В недавней премьере Национальной оперы Украины - «Иоланте» П.Чайковского - Тарас Штонда исполнил одну из главных партий… Публика, как никого другого, принимала его восторженно.
Штонда - международная знаменитость. Народный артист Украины выступает не только в Киеве, но и на сцене Большого в Москве, в Праге, Роттердаме, Осло, Мальме, Антверпене, Копенгагене, других городах. Его справедливо величают одним из лучших басов современной оперы. Эдаким наследником патриархальных традиций, исходящих от Шаляпина.
В интервью ZN.UA - в рамках наших уже традиционных летних встреч в редакции - Тарас Штонда рассказал, что в его жизни значат… Шаляпин, Киев, Большой, Годунов, а также сценические партнеры и дирижеры.
Вначале хотелось бы отметить, что феномен Штонды - это яркий пример успешной карьеры самородка в искусстве. За ним, по большому счету, никто никогда не «стоял». Кроме его сильного голоса. Потому что вырос он в простой семье (которая, тем не менее, самозабвенно любила музыку). Отец - из села Шкаривка, что на Белоцерковщине (Киевская область), мать - из столицы. Еще в детстве Тарас перепевал всевозможные арии. За всех героев сразу: и за Карася, и за Одарку (в «Запорожце за Дунаем»). Сам исполнитель признается, что украинское село - это удивительно музыкальная среда, которая еще в детстве правильно его подпитала. А уже позже - серьезные университеты. В консерватории он обожал своего педагога Галину Станиславовну Сухорукову. Ее не стало четыре года назад… Но память об этом светлом человеке Штонда хранит всегда. Когда-то, еще при первой встрече, педагог сказала ему: «Тебе надо бы в консерваторию, потому что голос слишком хорош, чтобы так плохо петь…»
С этого все и началось.
- Тарас, а вы не пытались подсчитать количество оперных басовых партий, которые исполнили за время своей деятельности?

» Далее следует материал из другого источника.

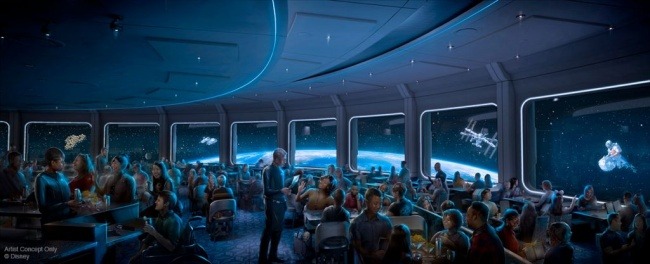 Space 220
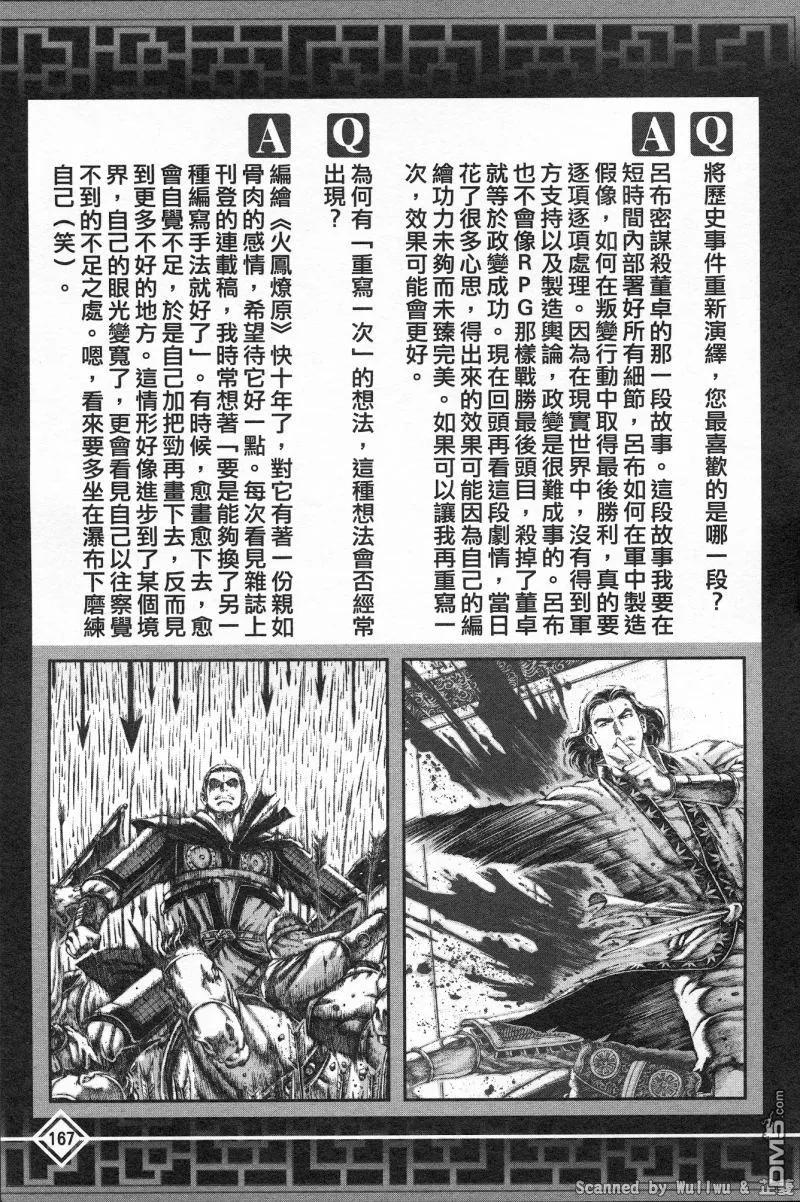 火凤燎原 公式导览秘传书 第171页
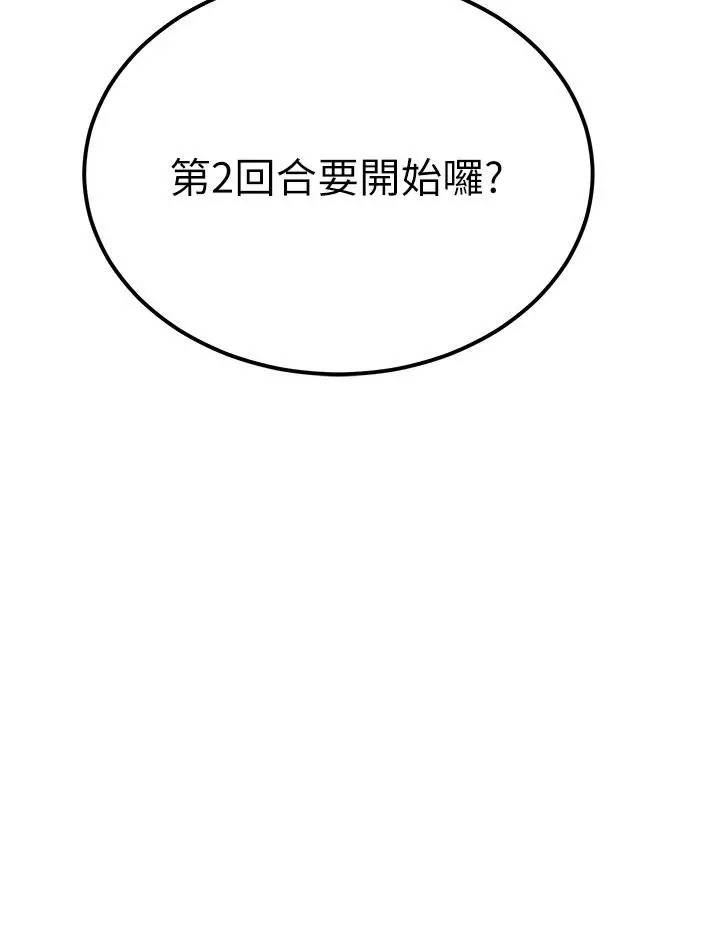漫画《触电大师》第63话第57张图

- Если их сосчитать, оставив лишь оперу, отбросив ораториальный жанр, то наберется около тридцати! А может приблизится и к сорока.
-Какая из этих партий оказалась для вас самой трудной в исполнительском плане?
- Самая сложная еще не спета! В настоящее время - «Парсифаль» Вагнера. Партию из этой оперы учу для того, чтобы уже весной 2012 года выступить на премьере в Швеции.
Вместе с тем, оглядываясь на прошлое, замечу: сложные - и Борис Годунов, и Досифей (в «Хованщине»). Они «выучивались» на протяжении всей моей жизни. Сами собой! Еще начиная с пластинок Шаляпина, впервые прослушанных в 16-летнем возрасте. Уже тогда я жил этой музыкой.
Да, называю партии в основном в русских операх… Так как это основа басового репертуара…
- И как часто выходите на сцену в басовом репертуаре нашей Национальной оперы?
- Несмотря на то, что много работаю в Европе, и дома - на сцене... Благодаря довольно лояльной политике нашего театра. Вернувшись еще в конце весны с больших гастролей по Швеции (там я пел в «Сказках Гофмана» Оффенбаха), выступил в Киеве в шести спектаклях. Среди них - «Князь Игорь», «Иоланта», «Алеко»… Получается в среднем за сезон выхожу на родную сцену раз 10-12!
- Нынешний киевский зритель ходит в наш театр «на Штонду»?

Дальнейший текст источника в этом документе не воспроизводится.